Wednesday afternoon, I sat on the cusp of a long-anticipated four-day weekend and thought, "Come Sunday night, I'm going to wonder where the weekend went."
Self-fulfilling prophecy, maybe?
It's Monday morning (or should that be "mourning"?), and I'm up at the crack of dawn to start another glorious week. You never realize how long a five-day stretch of work is until you've spent more than two or three days in a row off. The length of the week seems magnified, somehow, stretching off into an infinity of monotonous tasks. Tuesday arrives an eternity later, and you wonder, "Shouldn't it be Thursday by now?"
Another self-fulfilling prophecy, I reckon.
The long weekend, in retrospect, feels correspondingly long. Thursday including the usual turkey-gobbling with family. Friday was a day of errands, following by listless sloth on my part. Saturday, we drove about, spent a little bit of money, and enjoyed a meal out. Sunday, we cooked our own turkey after what seemed to be days of prep time, and shared it (as well as stuffing and mashed potatoes) with friends.
Having friends over last night, we decided to play some games. I finally got to give War of the Ring a shot; our pal Robert helped me on that account. It seems to take a long while to set up, and we had a few fits and starts as we read the rules between moves. I sat myself in the inimitable role of Sauron, while Rob played the miserable Free Peoples. My evil plans came to naught, however, because by the time we'd gotten the hang of things, it was time to clear the table for dinner.

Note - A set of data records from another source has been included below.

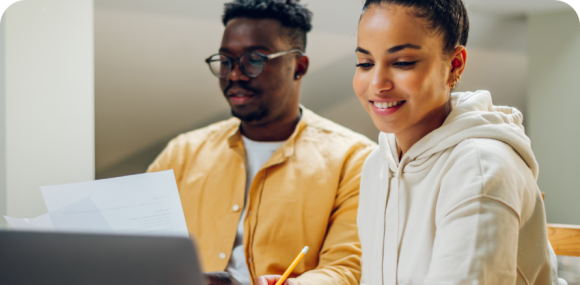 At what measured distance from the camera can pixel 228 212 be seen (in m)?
1.50

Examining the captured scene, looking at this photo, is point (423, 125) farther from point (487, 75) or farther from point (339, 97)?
point (487, 75)

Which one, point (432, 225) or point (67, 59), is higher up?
point (67, 59)

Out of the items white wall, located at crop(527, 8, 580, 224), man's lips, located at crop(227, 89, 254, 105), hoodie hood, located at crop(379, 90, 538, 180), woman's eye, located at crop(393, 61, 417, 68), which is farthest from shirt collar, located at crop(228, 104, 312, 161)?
white wall, located at crop(527, 8, 580, 224)

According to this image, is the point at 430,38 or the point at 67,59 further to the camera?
the point at 67,59

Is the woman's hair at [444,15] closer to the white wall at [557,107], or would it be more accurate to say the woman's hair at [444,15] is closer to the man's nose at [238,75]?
the man's nose at [238,75]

Curse those meddling kids.
After dinner (which turned out quite well, thanks), my brother in law, Adam, as well as Rob and myself, tried out Cthulhu 500. We played that until my son went to bed, after which we pulled out the Lord of the Rings boardgame. With my wife included, we managed to account for four hobbits. The first two boards seemed easy, but Shelob's Lair messed us up good. By the time we'd made it to Mordor, it was a forgone conclusion that we were all going to die. A series of very bad tiles destroyed Sam (me), Pippin, and Merry, leaving Frodo to witness Sauron's ultimate victory first hand.
I've actually played in a game of Lord of the Rings where we made it to the end and destroyed the ring. I think this must've been a stroke of luck, because I can't imagine ever doing so again. As much as I enjoy the game, I have to wonder what the statistical odds of success are. They can't be high.
After the game ended, we kicked everyone out, cleaned up house, and went to bed. It was a late night, and here I am some six hours later, tired and somewhat maudlin about the long weekend that passed me by. Another two hours in a warm bed next to my wife sounds like some approximation of Heaven, but I'm too responsible to call in and make a half-assed excuse in order to delay the inevitable.
To the shower with me, and then to the orthodontic salt mine I go.